### PROBLEM TO WORK ON:
The required output holds only the lines from the one containing "Enjoy Coca-Cola Flannel" through the end of the material below, copied exactly, please, with no pictures.

### DATA SEGMENT:

==================================================

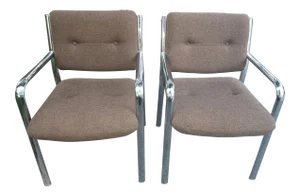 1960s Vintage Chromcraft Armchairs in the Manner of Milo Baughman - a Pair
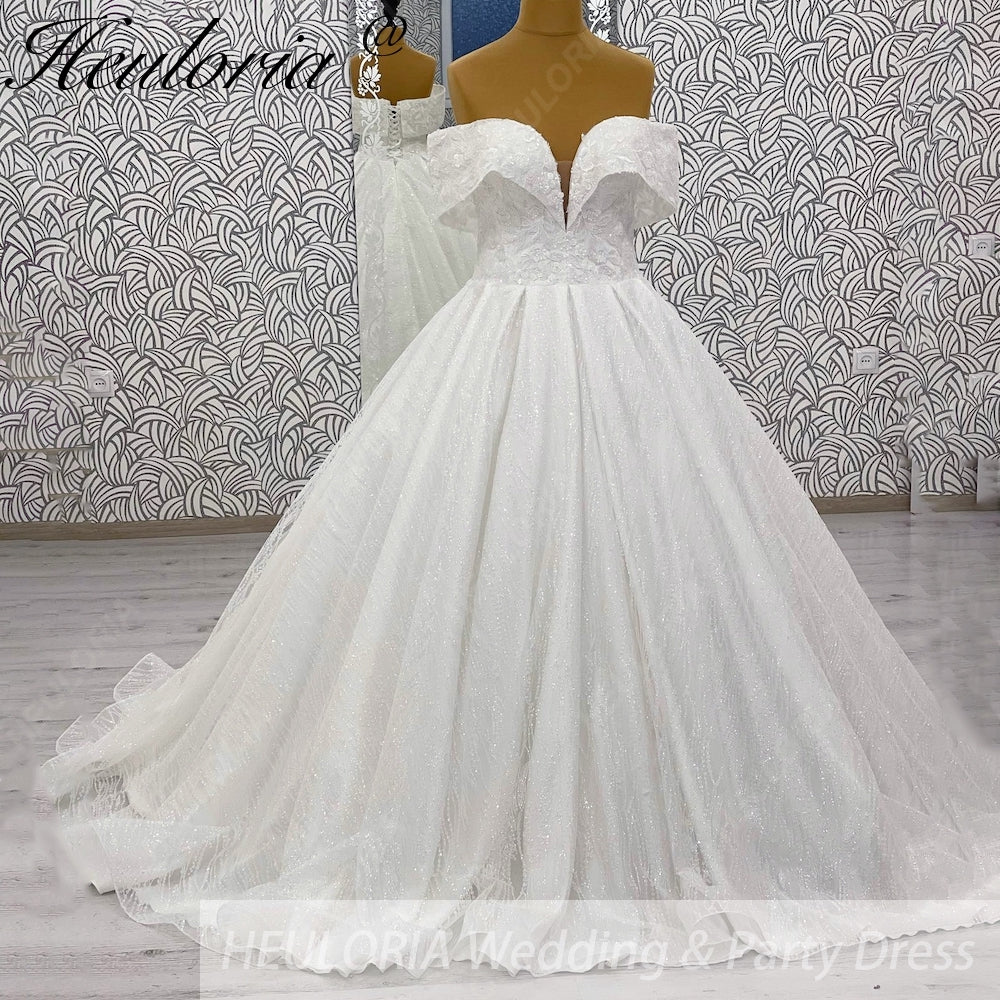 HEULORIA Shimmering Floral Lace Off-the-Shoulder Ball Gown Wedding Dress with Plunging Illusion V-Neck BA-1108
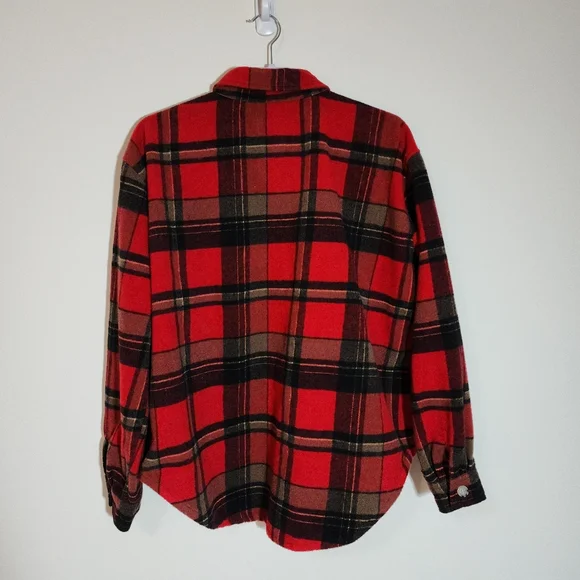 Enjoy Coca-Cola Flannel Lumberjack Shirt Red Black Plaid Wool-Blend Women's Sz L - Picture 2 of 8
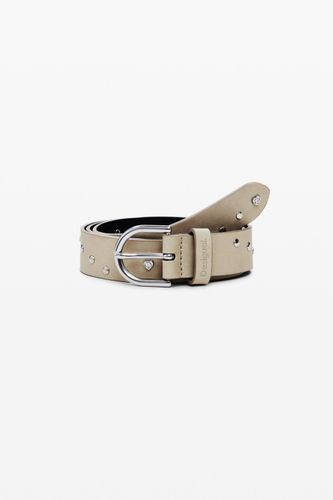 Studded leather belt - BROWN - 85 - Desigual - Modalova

==================================================

### COMPLETED TASK:
 Enjoy Coca-Cola Flannel Lumberjack Shirt Red Black Plaid Wool-Blend Women's Sz L - Picture 2 of 8
 Studded leather belt - BROWN - 85 - Desigual - Modalova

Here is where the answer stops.